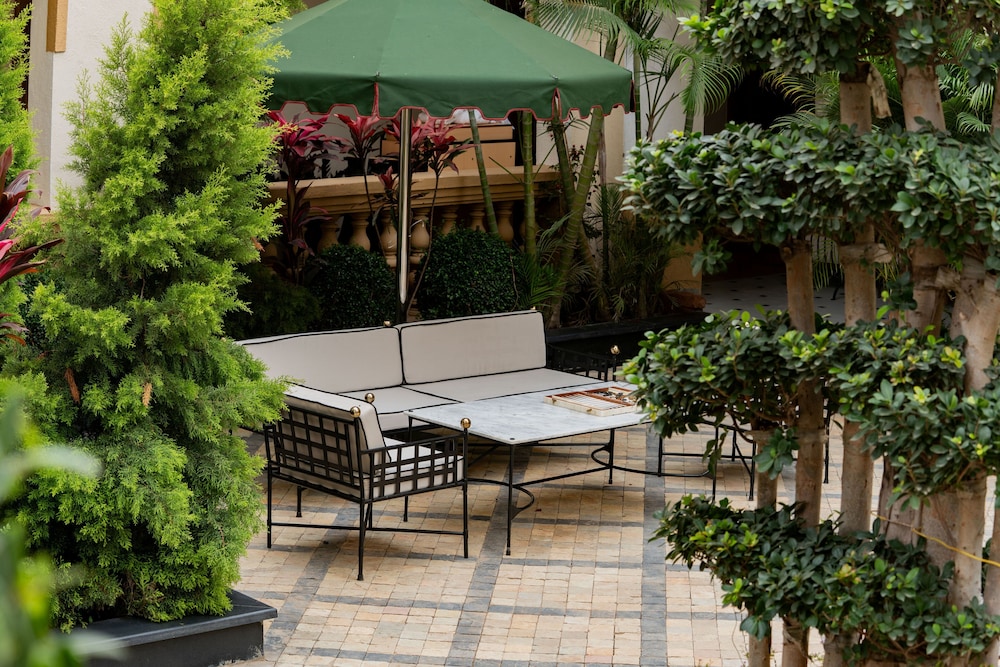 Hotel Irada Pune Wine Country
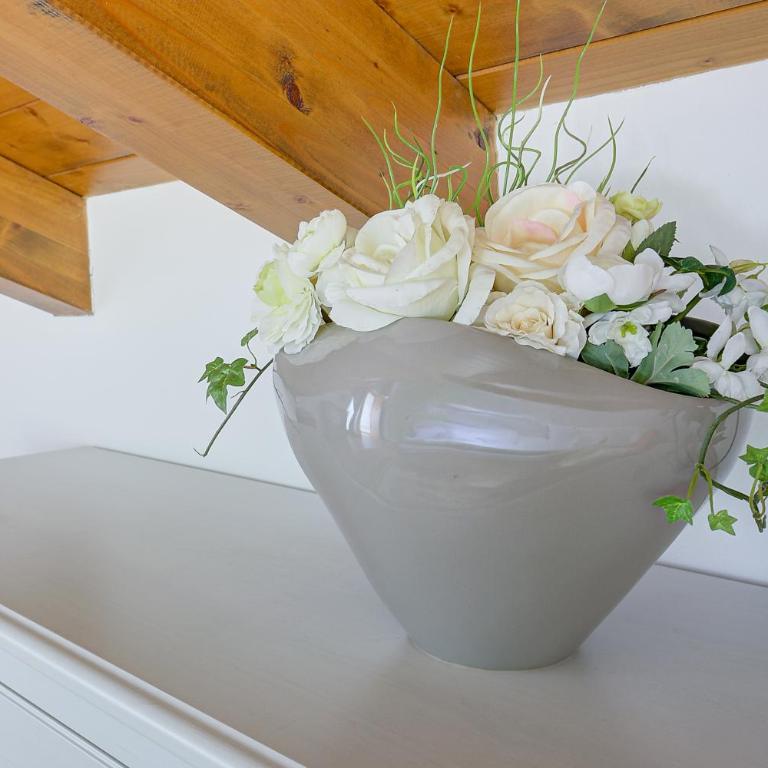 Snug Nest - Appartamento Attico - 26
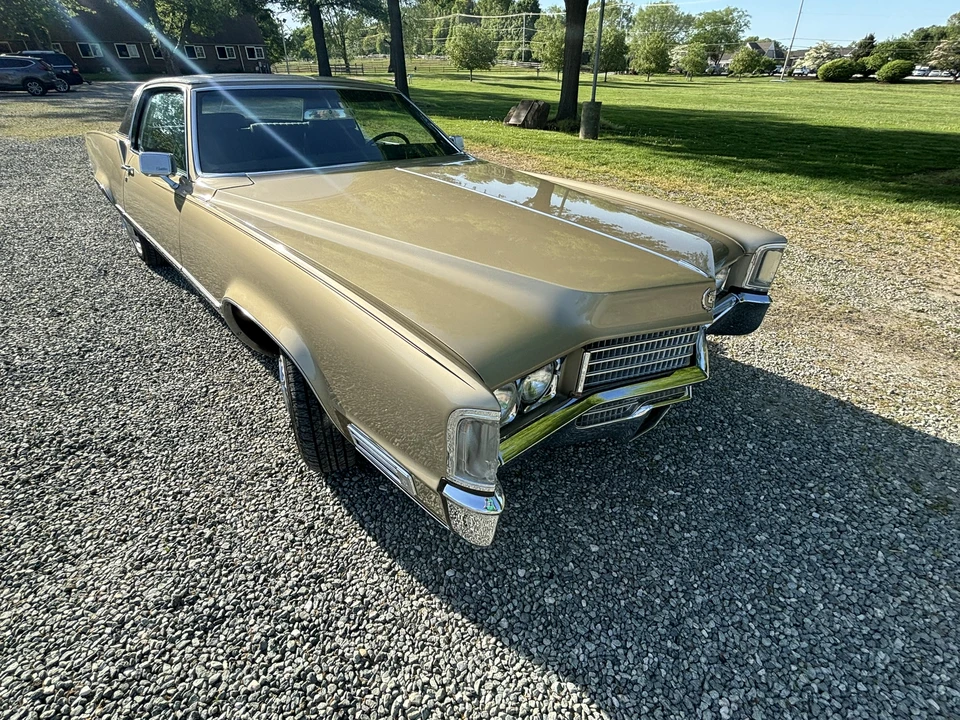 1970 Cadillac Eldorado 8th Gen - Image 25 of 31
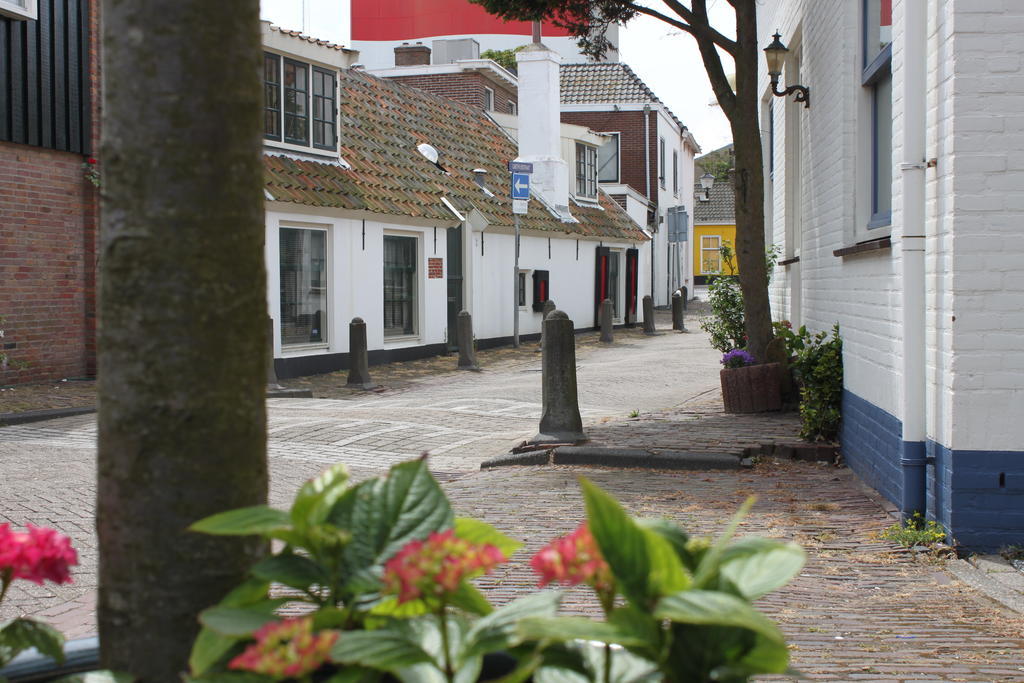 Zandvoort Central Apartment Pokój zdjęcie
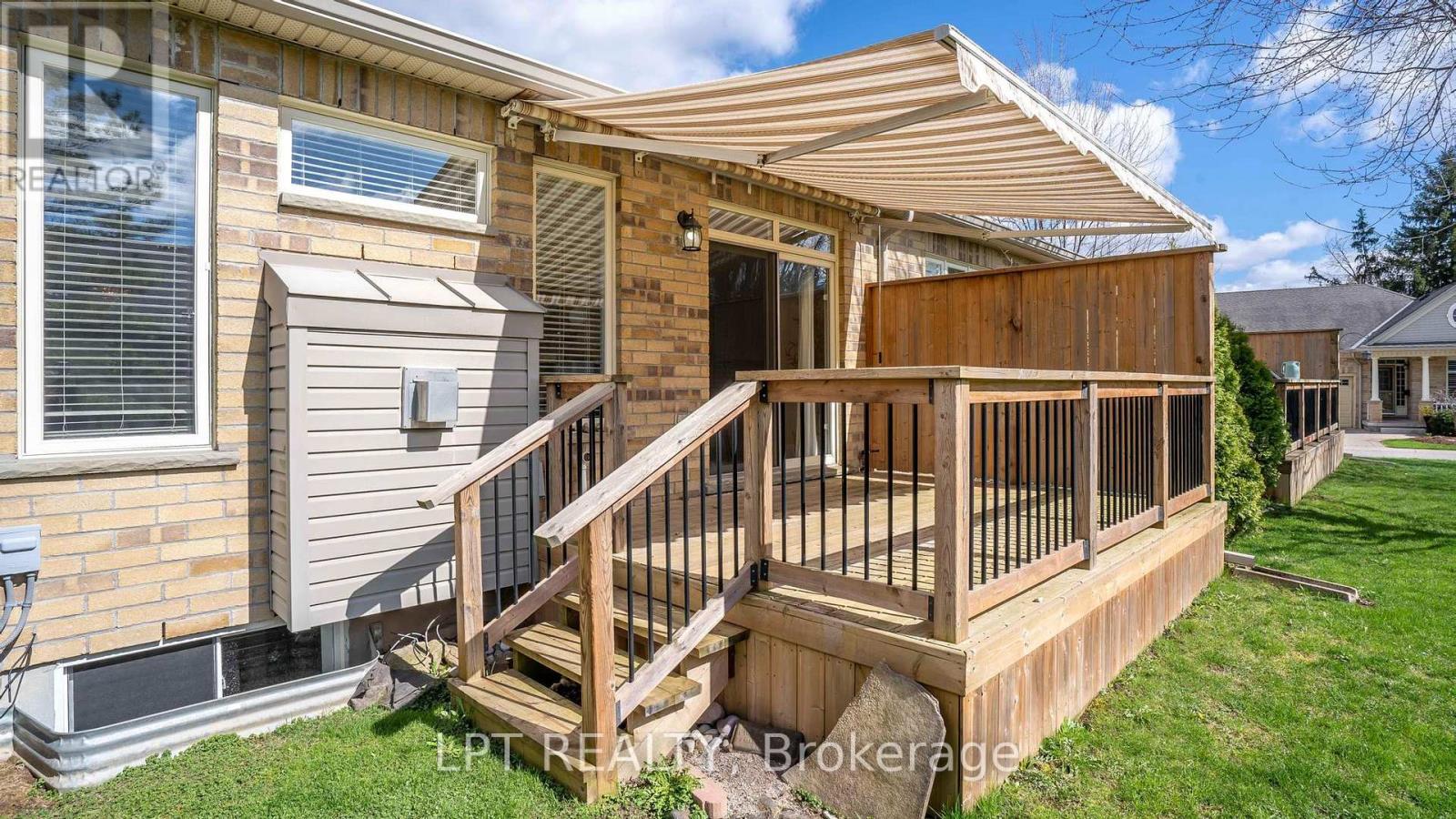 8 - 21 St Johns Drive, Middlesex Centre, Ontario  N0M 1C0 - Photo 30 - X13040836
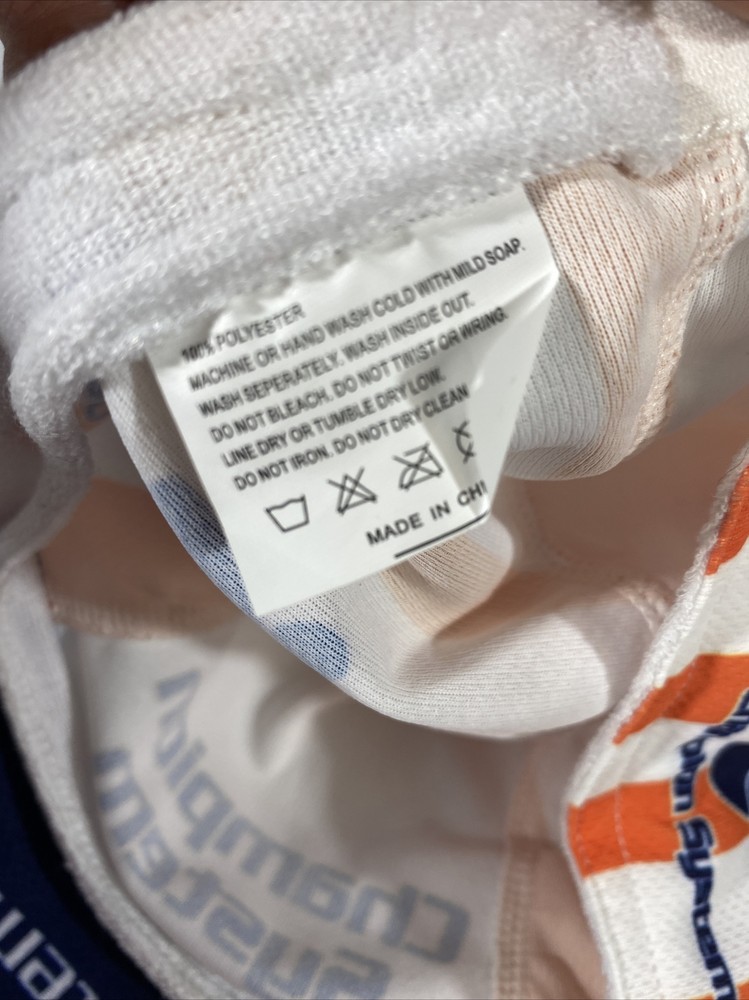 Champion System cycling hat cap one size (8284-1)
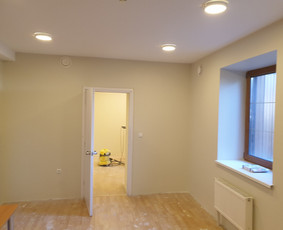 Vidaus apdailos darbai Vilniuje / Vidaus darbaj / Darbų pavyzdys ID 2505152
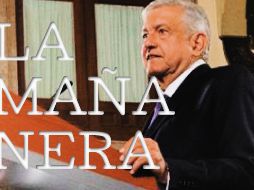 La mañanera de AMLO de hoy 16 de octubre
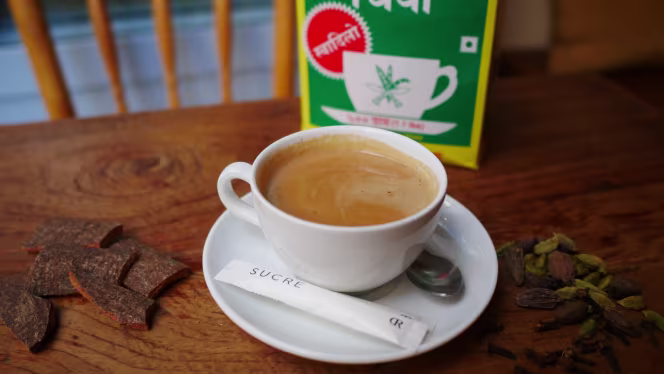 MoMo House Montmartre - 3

☆ ☆ ☆ ☆

:: ASSIGNMENT ::
Copy out nothing but text: transcribe the listing exactly and skip each picture.

:: YOUR SOLUTION ::
 Hotel Irada Pune Wine Country
 Snug Nest - Appartamento Attico - 26
 1970 Cadillac Eldorado 8th Gen - Image 25 of 31
 Zandvoort Central Apartment Pokój zdjęcie
 8 - 21 St Johns Drive, Middlesex Centre, Ontario  N0M 1C0 - Photo 30 - X13040836
 Champion System cycling hat cap one size (8284-1)
 Vidaus apdailos darbai Vilniuje / Vidaus darbaj / Darbų pavyzdys ID 2505152
 La mañanera de AMLO de hoy 16 de octubre
 MoMo House Montmartre - 3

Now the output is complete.